• **Prompt**:
In the entries that follow, find the line containing "Pink Cosmic Abstract", then output exactly every line from the first through that one.

• **Information shown**:
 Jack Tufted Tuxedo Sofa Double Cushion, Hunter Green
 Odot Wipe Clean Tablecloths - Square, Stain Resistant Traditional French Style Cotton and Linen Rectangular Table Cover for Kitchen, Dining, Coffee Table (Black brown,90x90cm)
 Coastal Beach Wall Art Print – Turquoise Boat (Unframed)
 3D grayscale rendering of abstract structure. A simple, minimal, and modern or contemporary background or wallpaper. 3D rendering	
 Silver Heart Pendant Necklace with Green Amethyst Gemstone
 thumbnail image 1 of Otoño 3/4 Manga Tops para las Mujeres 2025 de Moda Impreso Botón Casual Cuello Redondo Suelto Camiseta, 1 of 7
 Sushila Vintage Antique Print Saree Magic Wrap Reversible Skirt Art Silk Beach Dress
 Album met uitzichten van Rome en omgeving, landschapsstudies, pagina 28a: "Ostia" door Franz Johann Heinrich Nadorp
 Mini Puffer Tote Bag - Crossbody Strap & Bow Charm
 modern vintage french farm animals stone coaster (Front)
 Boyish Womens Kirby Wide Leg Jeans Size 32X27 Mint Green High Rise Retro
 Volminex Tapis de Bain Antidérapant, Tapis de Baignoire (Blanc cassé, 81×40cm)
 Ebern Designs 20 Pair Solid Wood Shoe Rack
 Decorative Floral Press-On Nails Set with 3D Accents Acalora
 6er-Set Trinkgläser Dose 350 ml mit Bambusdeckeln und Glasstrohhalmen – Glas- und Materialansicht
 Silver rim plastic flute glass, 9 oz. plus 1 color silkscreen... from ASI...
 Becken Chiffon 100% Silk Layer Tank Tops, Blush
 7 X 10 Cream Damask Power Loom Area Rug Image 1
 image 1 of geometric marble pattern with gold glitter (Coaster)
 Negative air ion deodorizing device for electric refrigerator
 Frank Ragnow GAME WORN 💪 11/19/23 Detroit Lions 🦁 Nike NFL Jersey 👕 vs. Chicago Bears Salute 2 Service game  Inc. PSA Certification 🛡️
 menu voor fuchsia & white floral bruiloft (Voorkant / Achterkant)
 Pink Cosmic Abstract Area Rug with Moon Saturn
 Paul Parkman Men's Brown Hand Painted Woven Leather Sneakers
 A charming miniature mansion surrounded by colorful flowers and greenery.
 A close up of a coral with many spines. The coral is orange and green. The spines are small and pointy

• **Output below**:
 Jack Tufted Tuxedo Sofa Double Cushion, Hunter Green
 Odot Wipe Clean Tablecloths - Square, Stain Resistant Traditional French Style Cotton and Linen Rectangular Table Cover for Kitchen, Dining, Coffee Table (Black brown,90x90cm)
 Coastal Beach Wall Art Print – Turquoise Boat (Unframed)
 3D grayscale rendering of abstract structure. A simple, minimal, and modern or contemporary background or wallpaper. 3D rendering	
 Silver Heart Pendant Necklace with Green Amethyst Gemstone
 thumbnail image 1 of Otoño 3/4 Manga Tops para las Mujeres 2025 de Moda Impreso Botón Casual Cuello Redondo Suelto Camiseta, 1 of 7
 Sushila Vintage Antique Print Saree Magic Wrap Reversible Skirt Art Silk Beach Dress
 Album met uitzichten van Rome en omgeving, landschapsstudies, pagina 28a: "Ostia" door Franz Johann Heinrich Nadorp
 Mini Puffer Tote Bag - Crossbody Strap & Bow Charm
 modern vintage french farm animals stone coaster (Front)
 Boyish Womens Kirby Wide Leg Jeans Size 32X27 Mint Green High Rise Retro
 Volminex Tapis de Bain Antidérapant, Tapis de Baignoire (Blanc cassé, 81×40cm)
 Ebern Designs 20 Pair Solid Wood Shoe Rack
 Decorative Floral Press-On Nails Set with 3D Accents Acalora
 6er-Set Trinkgläser Dose 350 ml mit Bambusdeckeln und Glasstrohhalmen – Glas- und Materialansicht
 Silver rim plastic flute glass, 9 oz. plus 1 color silkscreen... from ASI...
 Becken Chiffon 100% Silk Layer Tank Tops, Blush
 7 X 10 Cream Damask Power Loom Area Rug Image 1
 image 1 of geometric marble pattern with gold glitter (Coaster)
 Negative air ion deodorizing device for electric refrigerator
 Frank Ragnow GAME WORN 💪 11/19/23 Detroit Lions 🦁 Nike NFL Jersey 👕 vs. Chicago Bears Salute 2 Service game  Inc. PSA Certification 🛡️
 menu voor fuchsia & white floral bruiloft (Voorkant / Achterkant)
 Pink Cosmic Abstract Area Rug with Moon Saturn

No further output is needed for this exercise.